Whereas I highlighted the apparent different sequences following a predictive pattern
Only the first sequence contains uneven numbers
Subesequent sequences are formed by adding the starting value of the next sequence, which is double the starting value of the previous sequence.
I.e. first sequence starts with 1, add 2 each step. Second sequence starts with 2, add 4 each step. Third sequence starts with 4, add 8 each step. Fourth sequence starts with 8, afd 16 each step. Etc.
I'm not very smart but I have a feeling this can be plotted along a spiral or fractal.
Does this grid have any algebraic use or am I just being retarded
Anonymous at Tue, 9 Apr 2024 22:54:58 UTC No. 16121547
Cool, you found a way to subdivide all positive natural numbers in a series of infinite sequences.
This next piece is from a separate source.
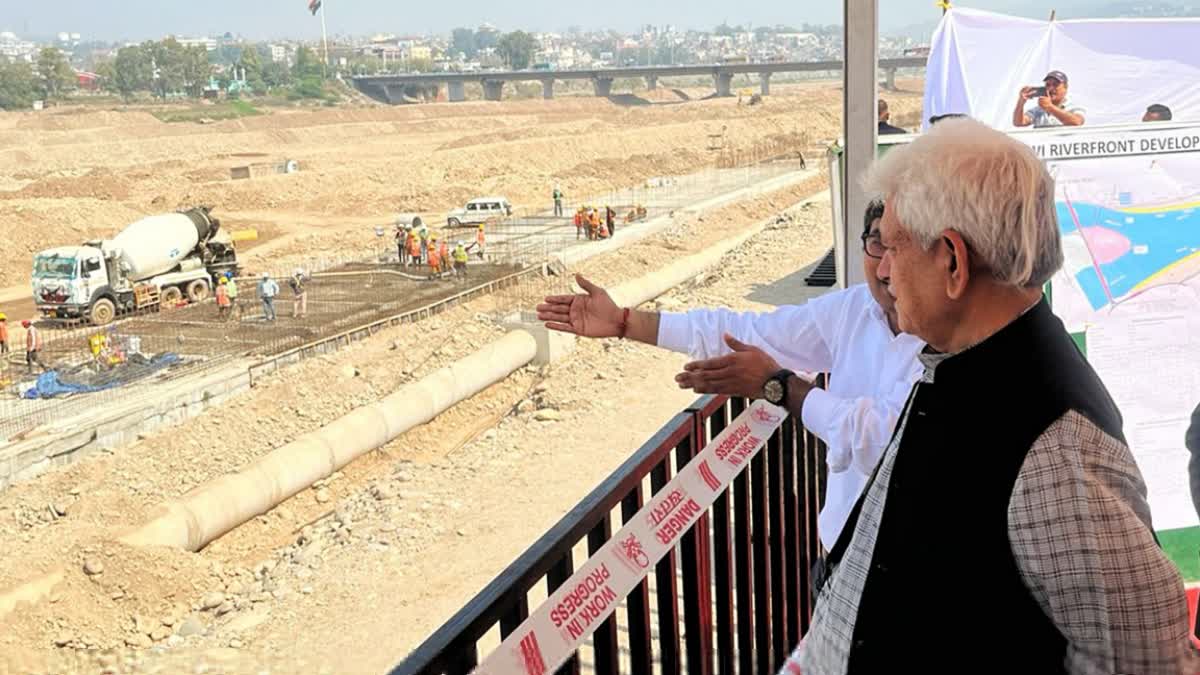 JK LG Manoj Sinha (R) inspects construction work on the Tawi riverfront project in Jammu. LG Sinha has set January 2025 as the new deadline for the project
For n from 0 to inf you define
{2^0 + n*2^1}
{2^1 + n*2^2}
{2^2 + n*2^3}
{2^3 + n*2^4}
...
{2^m + n*2^(m+1)} with m arbitrarily big
Intuition says they combine to cover N, prove left as exercise
Anonymous at Tue, 9 Apr 2024 23:32:02 UTC No. 16121592
>>16121547
The odd numbers are covered by 1 + 2n.
So let x = 2n. let 2 divide n q times, then x = 2 * 2^q * m for some m, and m is odd, so m = 2z + 1. thus x = 2*(2^q)*(2z + 1) = (2^(q + 2))z + 2^(q + 1) = 2^y + z*2^(y + 1)
Anonymous at Tue, 9 Apr 2024 23:39:03 UTC No. 16121600
>>16121511
Isn't this a grid to determine subnets in a computer network?